The U.S. Energy Information Administration estimates the country has 2,543 trillion cubic feet of recoverable gas resources, an increase of more than 50 percent from the estimate a decade ago, because of projected increases in shale formations.
RPC gets about half its sales from pressure pumping, including from hydraulic fracturing, or fracking. In fracking, companies inject water, chemicals and sand under high pressure to release the gas from shale. The company had record revenue of $1.1 billion in 2010 and will more than double that amount by 2012, according to the average of 9 analysts’ sales estimates compiled by Bloomberg.
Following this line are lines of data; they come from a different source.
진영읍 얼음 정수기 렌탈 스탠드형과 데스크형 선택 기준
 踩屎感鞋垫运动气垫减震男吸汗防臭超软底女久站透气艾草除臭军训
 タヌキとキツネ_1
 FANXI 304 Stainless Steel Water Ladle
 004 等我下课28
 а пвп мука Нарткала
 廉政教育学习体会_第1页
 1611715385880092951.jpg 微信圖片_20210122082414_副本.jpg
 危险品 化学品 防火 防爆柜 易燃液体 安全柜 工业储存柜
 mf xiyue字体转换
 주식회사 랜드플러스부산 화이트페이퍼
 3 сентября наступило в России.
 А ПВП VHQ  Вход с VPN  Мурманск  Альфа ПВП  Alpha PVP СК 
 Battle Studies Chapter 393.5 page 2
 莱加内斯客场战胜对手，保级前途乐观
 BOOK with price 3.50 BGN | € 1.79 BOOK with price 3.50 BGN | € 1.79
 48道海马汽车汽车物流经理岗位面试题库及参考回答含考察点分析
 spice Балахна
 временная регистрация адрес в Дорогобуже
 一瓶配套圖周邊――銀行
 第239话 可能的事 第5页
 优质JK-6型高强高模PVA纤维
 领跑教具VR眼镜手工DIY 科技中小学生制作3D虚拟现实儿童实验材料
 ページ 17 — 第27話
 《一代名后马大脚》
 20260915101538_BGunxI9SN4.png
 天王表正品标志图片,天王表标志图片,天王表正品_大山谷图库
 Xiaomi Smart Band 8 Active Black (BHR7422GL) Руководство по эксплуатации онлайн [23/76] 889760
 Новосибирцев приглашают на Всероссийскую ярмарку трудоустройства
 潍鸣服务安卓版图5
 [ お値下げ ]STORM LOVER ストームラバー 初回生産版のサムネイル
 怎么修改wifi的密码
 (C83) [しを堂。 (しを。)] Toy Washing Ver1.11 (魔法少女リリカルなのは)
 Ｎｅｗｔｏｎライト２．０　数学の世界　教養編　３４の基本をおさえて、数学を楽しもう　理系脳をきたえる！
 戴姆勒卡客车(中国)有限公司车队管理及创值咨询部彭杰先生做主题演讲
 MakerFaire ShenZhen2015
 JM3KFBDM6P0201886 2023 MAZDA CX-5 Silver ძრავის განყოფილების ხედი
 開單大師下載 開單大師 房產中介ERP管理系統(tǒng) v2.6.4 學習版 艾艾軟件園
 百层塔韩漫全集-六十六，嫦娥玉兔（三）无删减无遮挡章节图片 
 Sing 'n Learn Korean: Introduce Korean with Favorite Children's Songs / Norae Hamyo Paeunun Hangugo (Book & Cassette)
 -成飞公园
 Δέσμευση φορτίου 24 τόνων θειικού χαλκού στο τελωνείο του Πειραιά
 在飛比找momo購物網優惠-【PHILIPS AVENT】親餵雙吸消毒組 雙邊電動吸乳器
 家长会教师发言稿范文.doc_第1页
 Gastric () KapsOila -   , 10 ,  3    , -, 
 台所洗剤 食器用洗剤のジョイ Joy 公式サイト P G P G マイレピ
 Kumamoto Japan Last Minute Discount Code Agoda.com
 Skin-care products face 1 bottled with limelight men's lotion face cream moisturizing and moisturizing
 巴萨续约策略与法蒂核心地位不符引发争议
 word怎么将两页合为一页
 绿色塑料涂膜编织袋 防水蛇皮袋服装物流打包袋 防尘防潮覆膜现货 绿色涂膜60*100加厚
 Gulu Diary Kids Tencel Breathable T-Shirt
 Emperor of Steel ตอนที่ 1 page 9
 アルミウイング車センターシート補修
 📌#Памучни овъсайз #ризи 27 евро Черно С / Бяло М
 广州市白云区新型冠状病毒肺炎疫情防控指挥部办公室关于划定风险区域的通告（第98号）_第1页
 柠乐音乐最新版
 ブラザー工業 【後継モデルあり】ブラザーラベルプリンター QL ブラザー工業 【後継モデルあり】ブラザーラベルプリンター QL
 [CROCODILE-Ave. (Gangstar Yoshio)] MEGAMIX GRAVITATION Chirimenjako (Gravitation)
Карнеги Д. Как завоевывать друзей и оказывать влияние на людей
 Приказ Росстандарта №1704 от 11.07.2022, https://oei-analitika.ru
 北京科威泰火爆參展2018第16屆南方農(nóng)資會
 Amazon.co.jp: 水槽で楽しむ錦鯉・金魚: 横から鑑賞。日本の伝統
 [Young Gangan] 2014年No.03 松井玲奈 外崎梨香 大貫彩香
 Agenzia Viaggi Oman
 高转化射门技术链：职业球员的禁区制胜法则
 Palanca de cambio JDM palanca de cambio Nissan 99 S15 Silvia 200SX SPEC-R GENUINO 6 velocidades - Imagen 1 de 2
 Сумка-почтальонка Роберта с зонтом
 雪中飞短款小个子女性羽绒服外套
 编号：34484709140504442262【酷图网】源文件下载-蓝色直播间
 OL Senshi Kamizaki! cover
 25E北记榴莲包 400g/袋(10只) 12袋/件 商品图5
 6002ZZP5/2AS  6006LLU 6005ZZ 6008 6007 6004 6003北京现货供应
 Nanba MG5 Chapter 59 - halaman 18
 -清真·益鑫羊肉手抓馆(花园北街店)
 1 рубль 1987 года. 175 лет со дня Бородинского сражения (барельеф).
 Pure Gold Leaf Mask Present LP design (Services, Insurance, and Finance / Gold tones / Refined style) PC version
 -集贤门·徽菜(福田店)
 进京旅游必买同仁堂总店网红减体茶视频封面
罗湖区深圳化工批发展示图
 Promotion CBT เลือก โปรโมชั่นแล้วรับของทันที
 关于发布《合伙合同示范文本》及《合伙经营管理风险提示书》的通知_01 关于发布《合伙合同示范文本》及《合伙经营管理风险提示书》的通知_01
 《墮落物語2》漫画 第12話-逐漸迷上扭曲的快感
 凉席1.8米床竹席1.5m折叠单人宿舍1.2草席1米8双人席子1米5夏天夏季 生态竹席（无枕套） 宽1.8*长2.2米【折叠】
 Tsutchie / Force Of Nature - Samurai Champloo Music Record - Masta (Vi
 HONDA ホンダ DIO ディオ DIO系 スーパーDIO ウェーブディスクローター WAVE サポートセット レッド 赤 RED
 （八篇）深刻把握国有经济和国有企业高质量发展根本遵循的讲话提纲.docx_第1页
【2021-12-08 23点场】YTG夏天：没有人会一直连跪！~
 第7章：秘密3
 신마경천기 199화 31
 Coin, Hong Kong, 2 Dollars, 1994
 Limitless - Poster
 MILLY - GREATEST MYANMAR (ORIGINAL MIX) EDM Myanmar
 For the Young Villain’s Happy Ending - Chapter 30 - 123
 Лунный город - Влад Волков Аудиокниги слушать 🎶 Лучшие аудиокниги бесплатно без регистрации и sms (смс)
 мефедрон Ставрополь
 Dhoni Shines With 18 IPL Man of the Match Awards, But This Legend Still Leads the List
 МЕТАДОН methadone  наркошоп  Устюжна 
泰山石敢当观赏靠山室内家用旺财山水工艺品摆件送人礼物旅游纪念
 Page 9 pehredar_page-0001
RPC’s work also includes rental tool operations and a coiled tubing business used in well maintenance. Potential buyers may include a large company such as Schlumberger Ltd. (SLB) or smaller ones such as Patterson-UTI Energy Inc. (PTEN) or Complete Production Services Inc. (CPX), Lawrence said. Foreign buyers such as Archer Ltd. or Asian companies also may be interested, he said.
The scramble for shale is driving many of the industry’s biggest takeovers, including Exxon Mobil’s $31 billion takeover of XTO Energy Inc. last year and BHP’s pending deal to buy Petrohawk Energy Corp. (HK) for $12.1 billion. Both those sellers have holdings in U.S. shale formations and expertise on how to develop them.
Services companies are also combining to meet the demand. In 2010, Baker Hughes Inc. (BHI), the world’s third-largest oil services company, bought BJ Services Co. for $5.5 billion to expand in pressure pumping.
In the last major purchase of a services company, a group led by Temasek Holdings Pte., Singapore’s state-owned investment company, agreed in April to buy a 70 percent stake in Cisco, Texas-based Frac Tech Services Inc., controlled by brothers Dan and Farris Wilks. The group paid $3.5 billion for the stake, the Wall Street Journal reported in May.
RPC was once part of Rollins Inc., founded by O. Wayne Rollins, the father of Randall and Gary. Rollins spun off RPC in 1984 and is now focused on pest control, including through its Orkin subsidiary.
Randall Rollins, whose age was given as 79 in a proxy filing earlier this year, is chairman of both companies. The brothers have a controlling stake in both.
RPC fell 8 cents $19.37 as of 4:15 p.m. in New York Stock Exchange composite trading. The New York Stock Exchange Energy Index fell 8.1 percent, the largest drop since Dec. 1, 2008.